# [Data below]
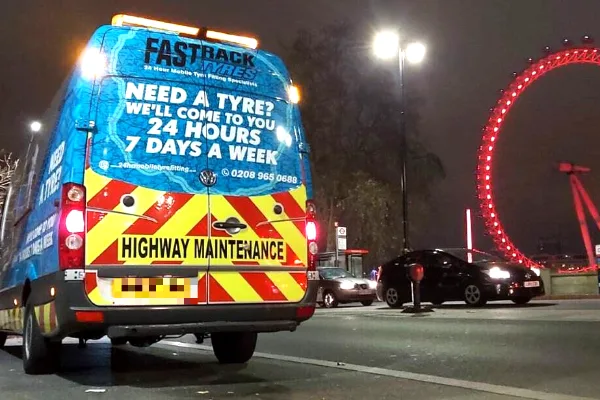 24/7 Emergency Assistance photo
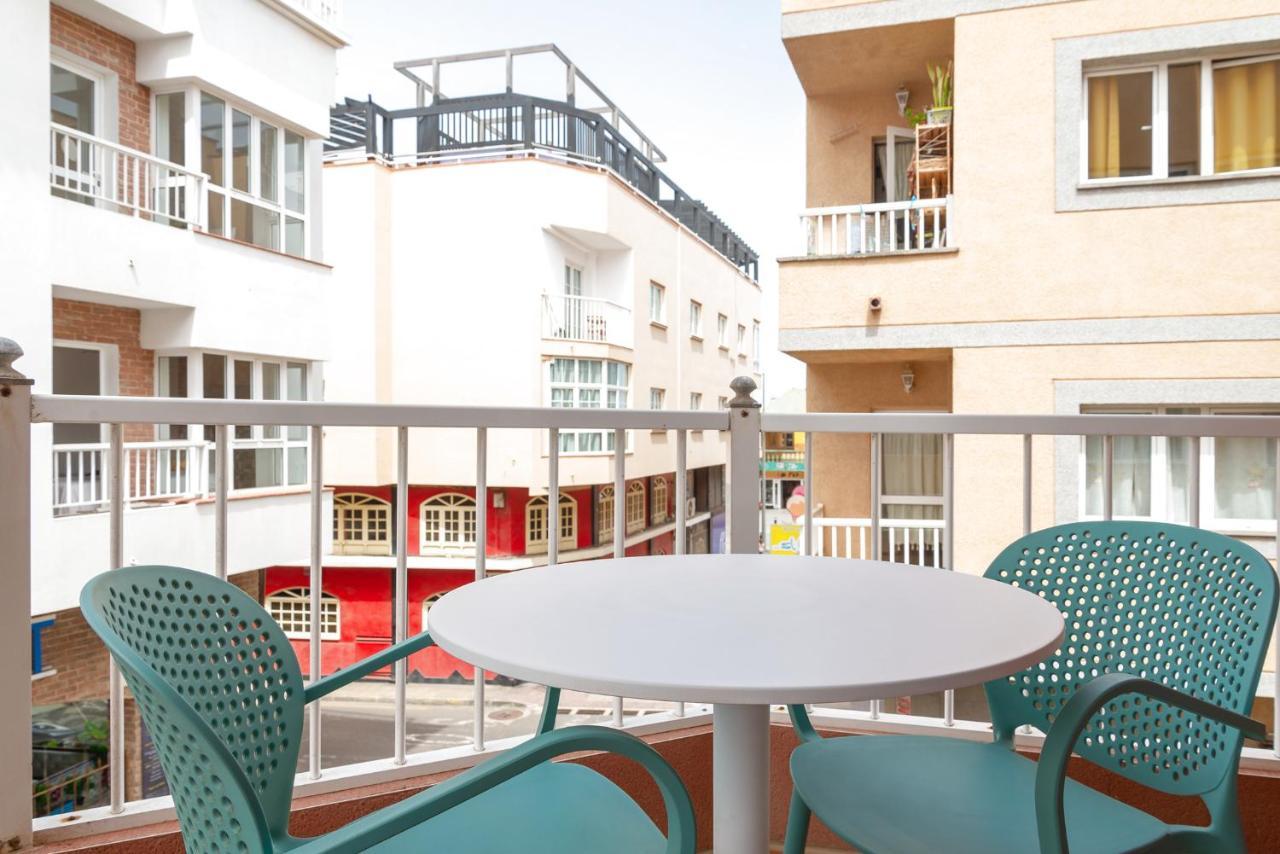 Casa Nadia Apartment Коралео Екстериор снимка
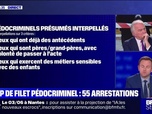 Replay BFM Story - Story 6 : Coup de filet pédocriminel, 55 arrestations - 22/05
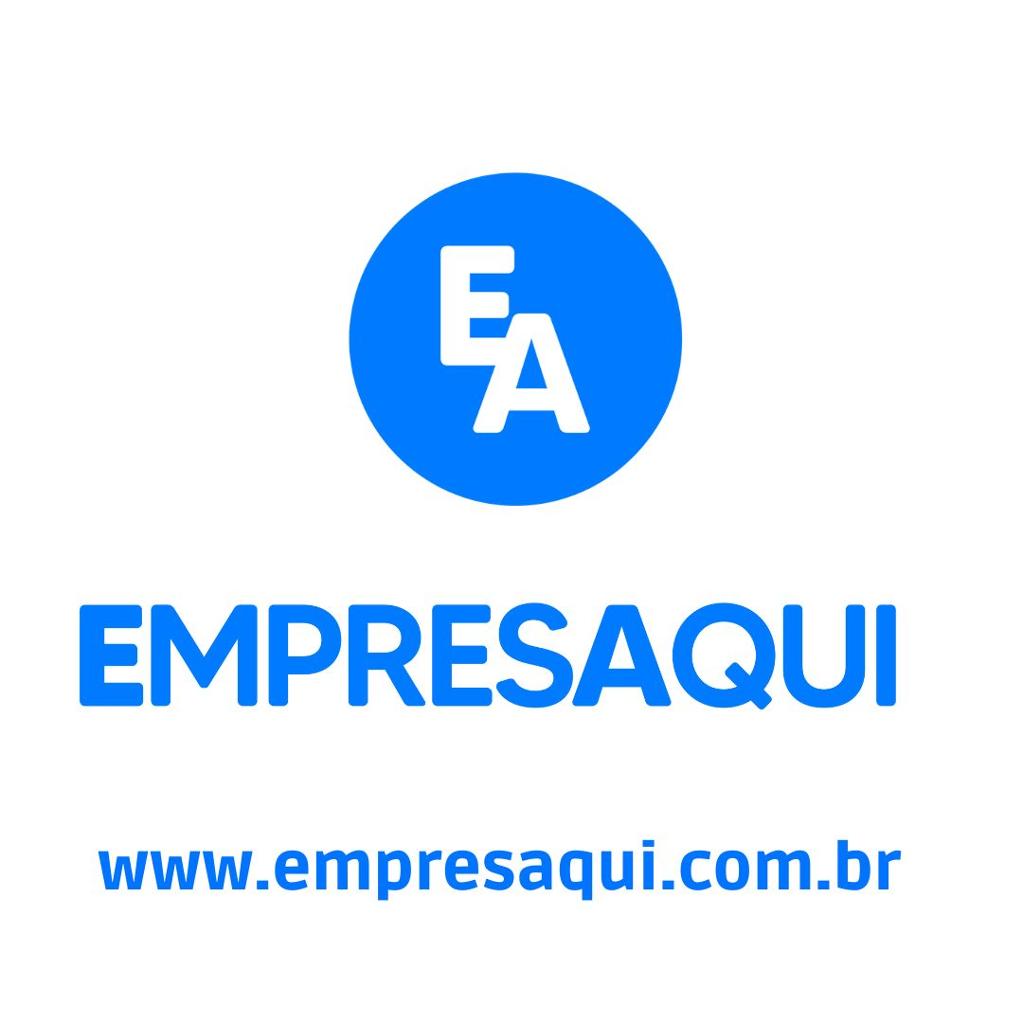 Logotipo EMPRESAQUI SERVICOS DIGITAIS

# [Try it]
Word for word, restate every line of the listing, omitting the pictures.

# [Answer box]
 24/7 Emergency Assistance photo
 Casa Nadia Apartment Коралео Екстериор снимка
 Replay BFM Story - Story 6 : Coup de filet pédocriminel, 55 arrestations - 22/05
 Logotipo EMPRESAQUI SERVICOS DIGITAIS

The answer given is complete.